Von Paranoia bis Herzrasen


Der Aufbau von MDPV ähnele dem von Ecstasy, die Wirkung ähnele mehr der von Amphetamin, Ritalin oder Kokain. Die Einnahme von Flex bewirke ein Hochgefühl bis hin zur Euphorie. Dieser Effekt sei jedoch nur von sehr kurzer Dauer. Zudem nehme das Gefühl von körperlicher Stärke und Selbstsicherheit zu. Kennzeichnend für Flex sei jedoch auch das starke Verlangen, die Droge weiter zu konsumieren. Die Folge davon könnten tagelanger Schlafentzug und extrem verringerte Nahrungsaufnahme sein, das Risiko einer sehr schwer behandelbaren Psychose steige zudem. Negative Effekte des Konsums von MDPV seien, neben langanhaltenden und sehr starken Psychosen, Paranoia, Depressionen, Panikattacken, Schlaflosigkeit oder Halluzinationen. Aber auch Herzrasen, Herzrhythmusstörungen, starke Nierenschmerzen und massive Durchblutungsstörungen seien regelmäßig Folgen des Konsums.
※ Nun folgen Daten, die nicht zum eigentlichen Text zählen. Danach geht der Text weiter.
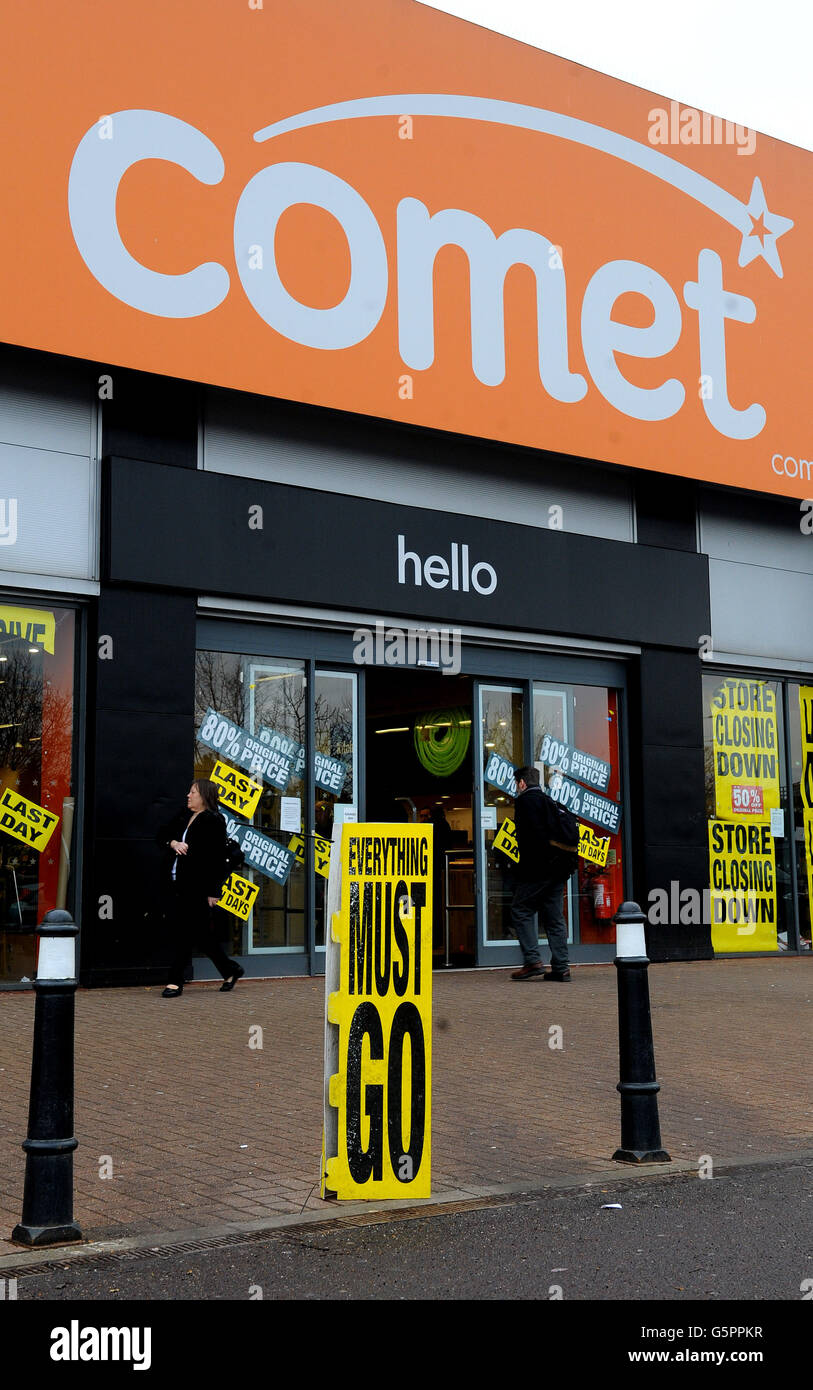 Les derniers articles sont vendus dans un magasin Comet de Romford, Essex. APPUYEZ SUR ASSOCIATION photo. Date de la photo: Mardi 18 décembre 2012. Les derniers magasins de Comet fermera leurs magasins pour la dernière fois aujourd'hui, alors que la chaîne de rue haute devient la dernière victime de grande envergure. La fermeture du dernier groupe de 49 magasins de l'ancien domaine de 235 personnes vient sept semaines après la nomination de Deloitte à titre d'administrateur. L'effondrement de l'entreprise, fondée à Hull en 1933 et qui employait environ 6,895 personnes au moment de son effondrement, est l'une des plus grandes faillites de rue depuis la disparition de Banque D'Images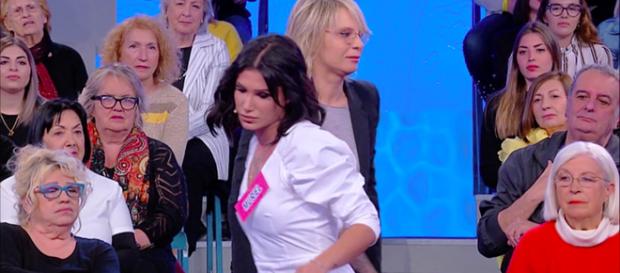 Uomini e Donne: Muriel Bassi discute con Andrea Zelletta e se ne va dallo studio Uomini e Donne: Muriel Bassi discute con Andrea Zelletta e se ne va dallo studio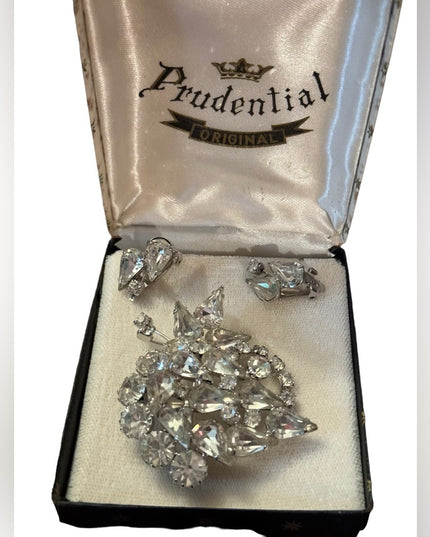 Lovely vintage mid century 1950s NIB Crystal earrings & brooch in box SET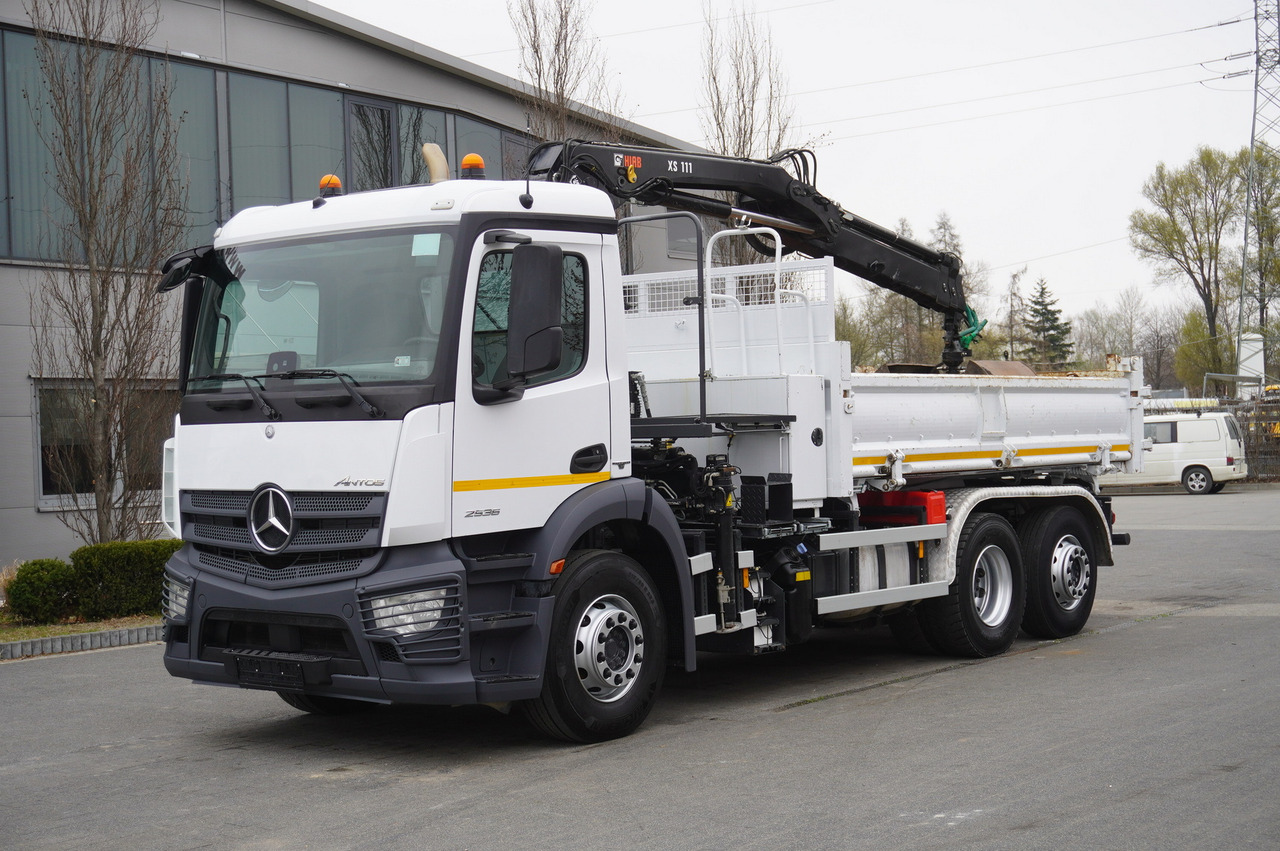 MERCEDES-BENZ Antos 2536 / 100,000 km / 3.9 T crane HIAB XS 111 / 2-side tipper / steered axle - Tipper, Crane truck: picture 3 MERCEDES-BENZ Antos 2536 / 100,000 km / 3.9 T crane HIAB XS 111 / 2-side tipper / steered axle - Tipper, Crane truck: picture 3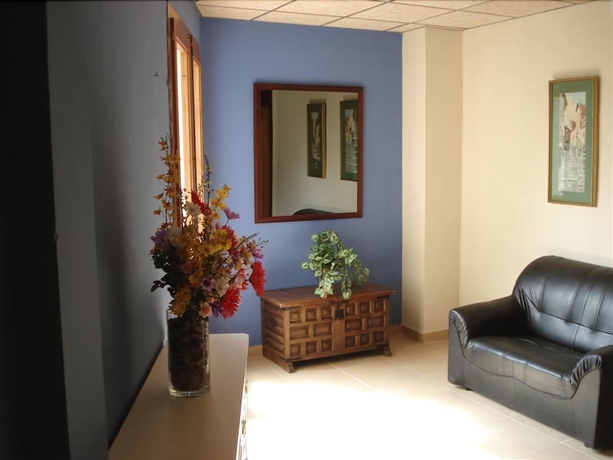 Imagen de los interiores del Hotel Aubi. Foto 18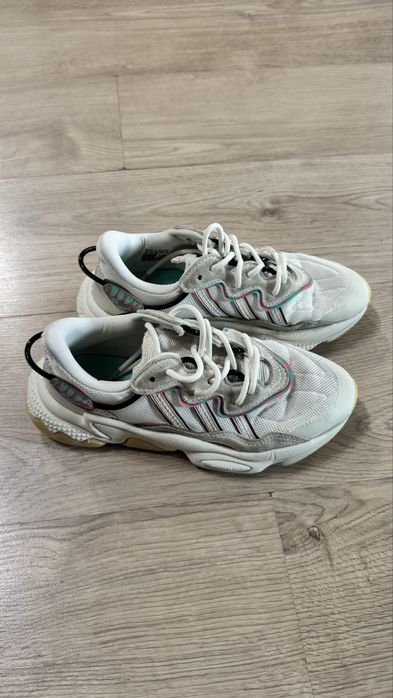 Кроссовки Adidas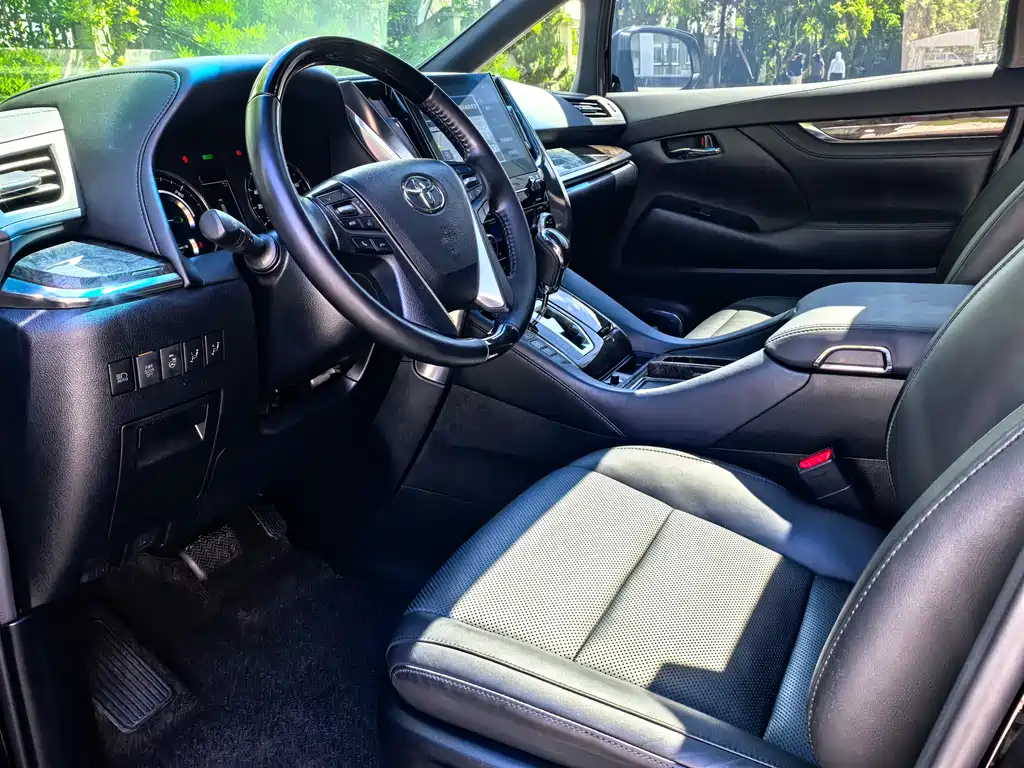 Toyota Alphard 2021 — фото 10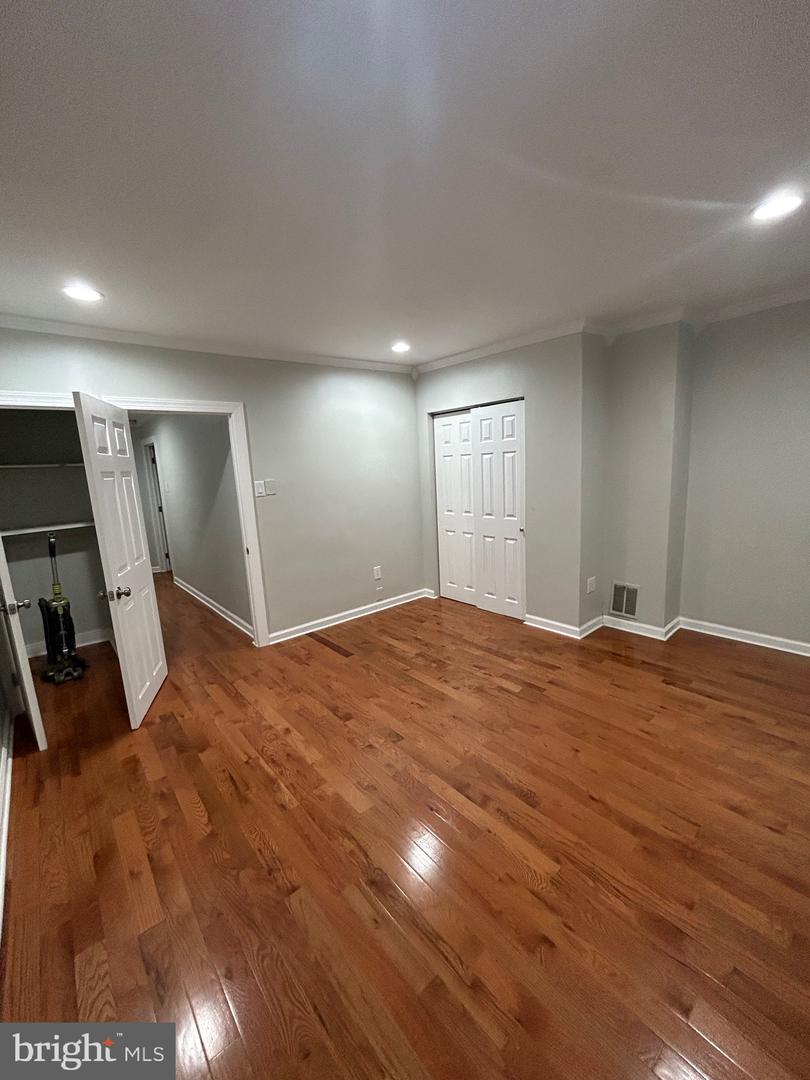 1502 E Berks Property Photo 9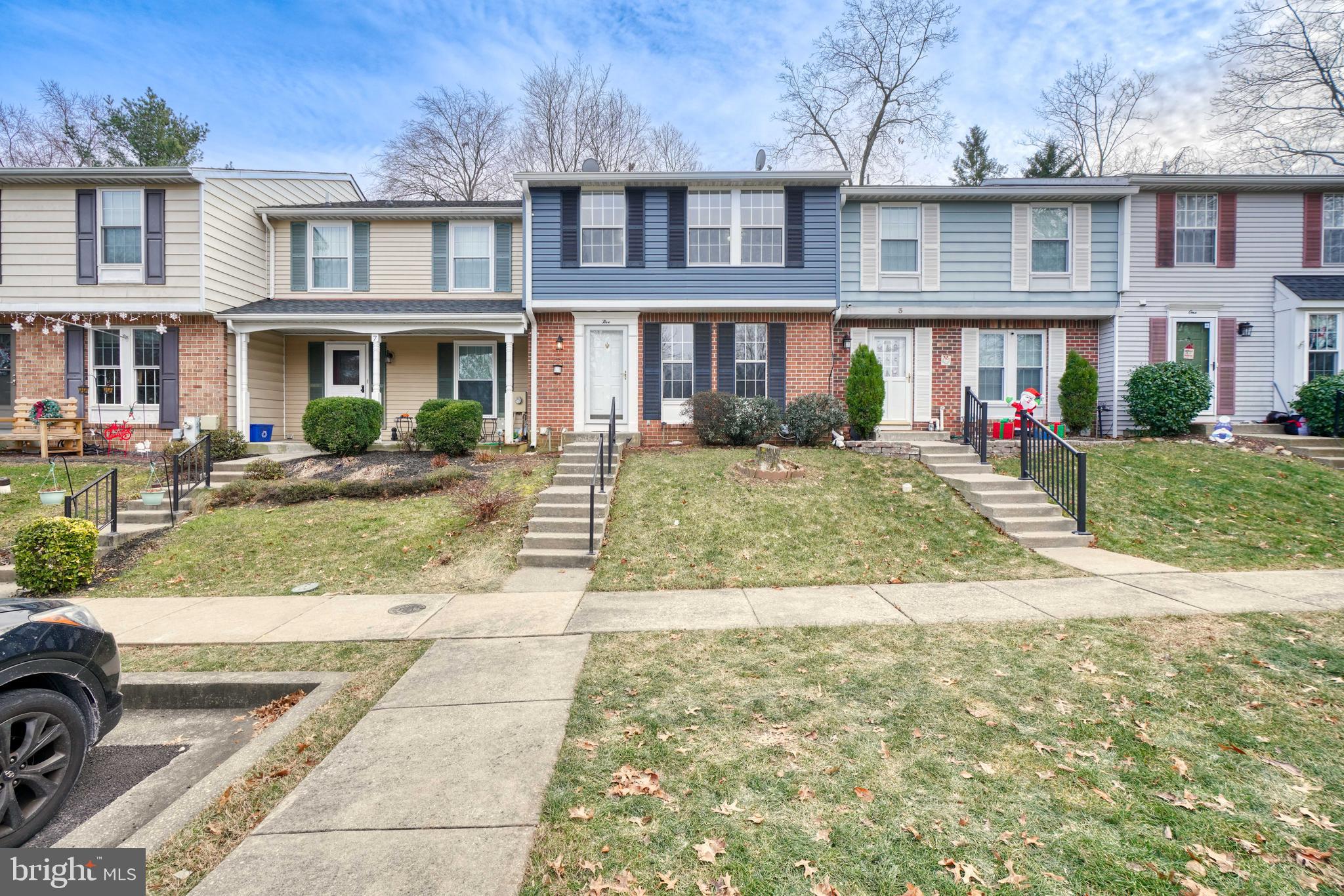 CLOVERFIELD MANOR - Residential Lease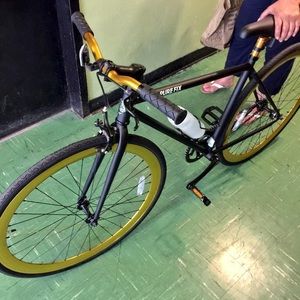 Pure flex bicycle black matte with gold rims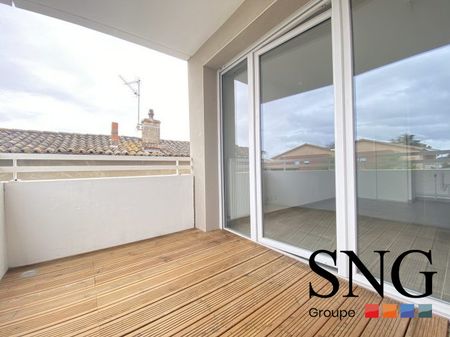 T3 AVEC LOGGIA+PARKING - Photo 2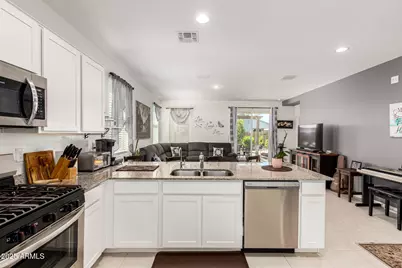 32026 N Wayne Lane, San Tan Valley, AZ 85143 - Photo 11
"Aktuell kein Schwerpunkt"


Als weitere mögliche negative Wirkungen nennt die Polizeidirektion Braunschweig Krämpfe, epileptische Anfälle und eine nachhaltige Schädigung des Gehirns. Zudem werde MDPV gegebenenfalls mit anderen Substanzen gestreckt. Grundsätzlich werde jedes Auftreten einer Droge von der Polizei ernst genommen, da jedes Betäubungsmittel Abhängigkeiten hervorrufen könne und damit verbunden eine grundlegende Gefährlichkeit von der Droge ausgehe. Allerdings mache die Droge MDPV nach Recherchen und Analysen des LKA Niedersachen nur einen geringen Anteil in Niedersachsen aus. Die Droge MDPV stelle daher aktuell keinen Schwerpunkt bei der Bekämpfung der Betäubungsmittelkriminalität dar, so die Polizei abschließend.